Cross-Dataset: The "equivalence cluster" of top models holds for hand pose but dissolves for head pose (where DINOv3 leads) and gaze, indicating task-specific optimal encoders.
Camera Intrinsics: Frozen features also encode camera focal length ( $R^2 \approx 0.81–0.94$ ), suggesting a multi-task geometric capability.

5. Significance and Practical Implications

Scientific Insight: The paper definitively proves that foundation models "know" geometry in their latent space but fail to express it via text.

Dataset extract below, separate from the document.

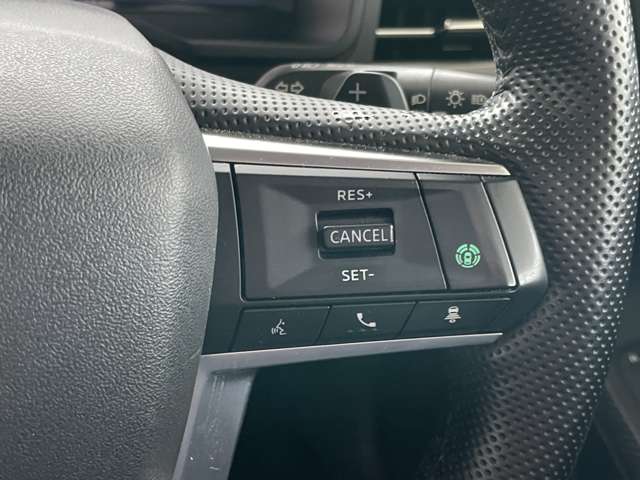 三菱 アウトランダーＰＨＥＶ ＰＨＥＶ ２．４ Ｇ ４ＷＤ R4年 (東北) 99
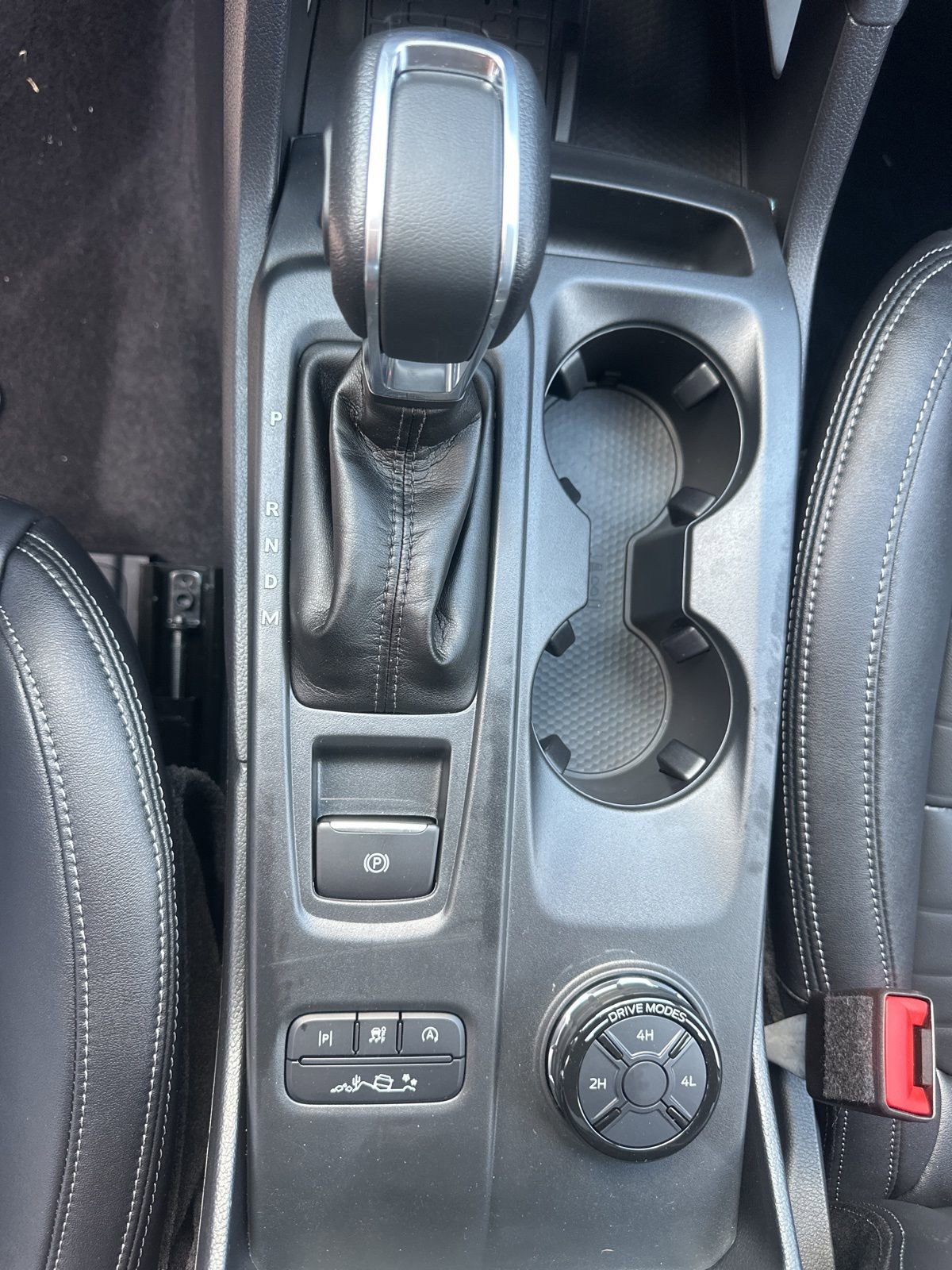 New 2025 Ford Ranger Lariat w/ FX4 Off-Road Package image 16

This shifts the research focus from "improving representations" to "improving readout mechanisms."
Practical Deployment (Modular Sensing):
- A single frozen backbone can serve as a multi-task geometric sensor.
- Cost Efficiency: Adding a new geometric task (e.g., hand pose) requires only ~6,000 probe parameters and ~6,400 labeled images, compared to training a full task-specific model (millions of parameters).
- Human-Readable Output: LoRA fine-tuning allows the model to output these measurements in natural language with near-optimal accuracy, bridging the gap between raw sensor data and user interaction.
Methodological Shift: The authors advocate for linear probing as a standard tool for evaluating the geometric and physical understanding of foundation models, moving beyond discrete classification benchmarks.

Conclusion

The paper concludes that foundation models possess rich, continuous geometric representations that are currently underutilized due to the limitations of the text generation pathway. By using lightweight probes or LoRA, these models can be transformed into highly accurate, multi-task geometric sensors, offering a cost-effective alternative to training dedicated models for every new physical measurement task.